Die ifh-Studie gibt auch Aufschluss, wann Meisterschüler sich selbständig machen wollen: 44 Prozent in den nächsten zwei bis fünf Jahren, nur 21 Prozent in mehr als fünf Jahren, Frauen wollen sich noch schneller auf eigene Beine stellen als Männer. Wer also einen möglichen Nachfolger hat, sollte dessen Geduld nicht zu lange strapazieren, sonst könnte er sich anderweitig umschauen. Das Angebot ist nämlich nach wie vor groß. Rund 200000 Handwerksbetriebe stehen in den nächsten fünf Jahren zur Übergabe an, und die demografische Entwicklung wird die Zahl eher nach oben treiben. 16,3 Prozent aller Betriebsinhaber im Handwerk sind zwischen 56 und 60, 6,9 Prozent sind über 65. Im Vollhandwerk gab es aber 2011 nach Schätzungen des ZDH nur 6428 Betriebsübernahmen. Zwar hat das ifh in einer weiteren Studie herausgefunden, dass es vorerst keine generelle Nachfolgelücke im Handwerk geben wird. Fälle, in denen es zumindest bis 2020 schwieriger werde, den Betrieb in jüngere Hände zu übergeben, seien eher der Strukturschwäche einer Region oder mangelnder Attraktivität der jeweiligen Branche geschuldet als demografischen Verschiebungen.

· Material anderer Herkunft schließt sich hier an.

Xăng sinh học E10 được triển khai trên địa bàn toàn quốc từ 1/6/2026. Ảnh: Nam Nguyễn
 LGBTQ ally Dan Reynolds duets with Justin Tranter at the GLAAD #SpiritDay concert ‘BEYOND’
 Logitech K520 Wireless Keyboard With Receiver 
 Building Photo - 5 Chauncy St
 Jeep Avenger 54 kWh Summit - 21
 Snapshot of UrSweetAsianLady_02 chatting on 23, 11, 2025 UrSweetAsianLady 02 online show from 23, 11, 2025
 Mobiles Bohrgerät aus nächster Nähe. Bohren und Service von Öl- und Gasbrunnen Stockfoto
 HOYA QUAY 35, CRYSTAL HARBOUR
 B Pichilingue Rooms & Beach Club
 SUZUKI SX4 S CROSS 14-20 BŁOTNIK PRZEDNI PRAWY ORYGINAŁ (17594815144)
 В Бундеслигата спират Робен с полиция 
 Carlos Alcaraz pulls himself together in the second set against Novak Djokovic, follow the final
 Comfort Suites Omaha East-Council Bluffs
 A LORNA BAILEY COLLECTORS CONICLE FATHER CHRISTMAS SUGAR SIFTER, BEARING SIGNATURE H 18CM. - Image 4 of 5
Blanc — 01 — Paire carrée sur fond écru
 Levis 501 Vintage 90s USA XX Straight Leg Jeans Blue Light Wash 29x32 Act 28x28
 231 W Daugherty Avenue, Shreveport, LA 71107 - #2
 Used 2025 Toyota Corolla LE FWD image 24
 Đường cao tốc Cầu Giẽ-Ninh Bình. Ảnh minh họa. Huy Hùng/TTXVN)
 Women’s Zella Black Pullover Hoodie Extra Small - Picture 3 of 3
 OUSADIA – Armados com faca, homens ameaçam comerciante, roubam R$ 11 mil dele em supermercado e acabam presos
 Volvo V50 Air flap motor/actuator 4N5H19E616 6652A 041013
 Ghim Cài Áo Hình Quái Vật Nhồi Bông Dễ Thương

Branchen mit Nachwuchsproblemen

Doch im Handwerk gibt es eben auch weniger attraktive Branchen, und die haben gravierende Nachwuchsprobleme. So gab es im Fleischerhandwerk 2012 insgesamt 1300 Betriebsstilllegungen, aber nur 700 Gründungen. „Besonders kleine Betriebe haben große Probleme, geeignete Nachfolger in der Familie oder im eigenen Unternehmen zu finden“, klagt Heinz-Werner Süss, Präsident des Deutschen Fleischerverbandes.